What this task involves >> Output exactly the lines from the line with "Transparent Long <strong>Rubber</strong>" through the end of the records below. Include nothing else.

Recorded data >>
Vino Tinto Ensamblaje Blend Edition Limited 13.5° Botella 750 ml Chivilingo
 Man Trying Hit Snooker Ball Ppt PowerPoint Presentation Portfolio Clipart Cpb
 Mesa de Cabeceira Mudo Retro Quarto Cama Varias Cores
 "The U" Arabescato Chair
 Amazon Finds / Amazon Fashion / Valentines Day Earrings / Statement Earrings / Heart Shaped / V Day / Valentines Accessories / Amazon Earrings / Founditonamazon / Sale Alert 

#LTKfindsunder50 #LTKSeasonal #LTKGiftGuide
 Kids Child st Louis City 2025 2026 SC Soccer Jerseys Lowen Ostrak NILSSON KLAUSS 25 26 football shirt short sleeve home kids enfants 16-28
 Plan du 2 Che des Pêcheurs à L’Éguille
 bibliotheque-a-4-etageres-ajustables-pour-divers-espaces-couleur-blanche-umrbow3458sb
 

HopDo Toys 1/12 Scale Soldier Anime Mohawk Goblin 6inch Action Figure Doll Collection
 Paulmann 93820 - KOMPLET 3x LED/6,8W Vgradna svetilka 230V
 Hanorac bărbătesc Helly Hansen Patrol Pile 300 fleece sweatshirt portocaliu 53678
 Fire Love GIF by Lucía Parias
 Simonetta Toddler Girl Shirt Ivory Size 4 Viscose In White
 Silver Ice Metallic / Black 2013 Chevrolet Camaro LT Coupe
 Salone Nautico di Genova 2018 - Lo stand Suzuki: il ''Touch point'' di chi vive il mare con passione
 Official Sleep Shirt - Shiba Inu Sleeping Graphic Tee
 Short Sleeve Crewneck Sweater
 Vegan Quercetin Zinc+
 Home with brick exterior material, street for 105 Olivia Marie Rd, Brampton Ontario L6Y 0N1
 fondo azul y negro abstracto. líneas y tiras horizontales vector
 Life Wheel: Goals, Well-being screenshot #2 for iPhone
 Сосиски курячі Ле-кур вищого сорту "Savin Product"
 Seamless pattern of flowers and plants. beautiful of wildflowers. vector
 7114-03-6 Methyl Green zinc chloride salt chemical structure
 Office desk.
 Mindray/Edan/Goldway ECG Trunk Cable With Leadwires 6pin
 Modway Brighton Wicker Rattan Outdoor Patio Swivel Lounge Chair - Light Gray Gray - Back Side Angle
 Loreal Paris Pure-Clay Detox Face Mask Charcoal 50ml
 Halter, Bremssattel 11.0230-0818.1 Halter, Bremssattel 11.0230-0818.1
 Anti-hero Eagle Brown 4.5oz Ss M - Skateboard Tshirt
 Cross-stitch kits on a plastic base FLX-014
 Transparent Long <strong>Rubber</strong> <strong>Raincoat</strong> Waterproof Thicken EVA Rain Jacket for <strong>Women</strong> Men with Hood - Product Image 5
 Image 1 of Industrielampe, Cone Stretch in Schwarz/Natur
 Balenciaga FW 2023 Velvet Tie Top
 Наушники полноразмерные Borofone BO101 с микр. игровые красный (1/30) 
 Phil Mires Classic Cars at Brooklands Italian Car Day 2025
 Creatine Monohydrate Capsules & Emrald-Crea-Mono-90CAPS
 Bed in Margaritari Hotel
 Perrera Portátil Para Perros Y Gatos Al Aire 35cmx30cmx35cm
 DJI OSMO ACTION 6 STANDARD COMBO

Expected answer >>
 Transparent Long <strong>Rubber</strong> <strong>Raincoat</strong> Waterproof Thicken EVA Rain Jacket for <strong>Women</strong> Men with Hood - Product Image 5
 Image 1 of Industrielampe, Cone Stretch in Schwarz/Natur
 Balenciaga FW 2023 Velvet Tie Top
 Наушники полноразмерные Borofone BO101 с микр. игровые красный (1/30) 
 Phil Mires Classic Cars at Brooklands Italian Car Day 2025
 Creatine Monohydrate Capsules & Emrald-Crea-Mono-90CAPS
 Bed in Margaritari Hotel
 Perrera Portátil Para Perros Y Gatos Al Aire 35cmx30cmx35cm
 DJI OSMO ACTION 6 STANDARD COMBO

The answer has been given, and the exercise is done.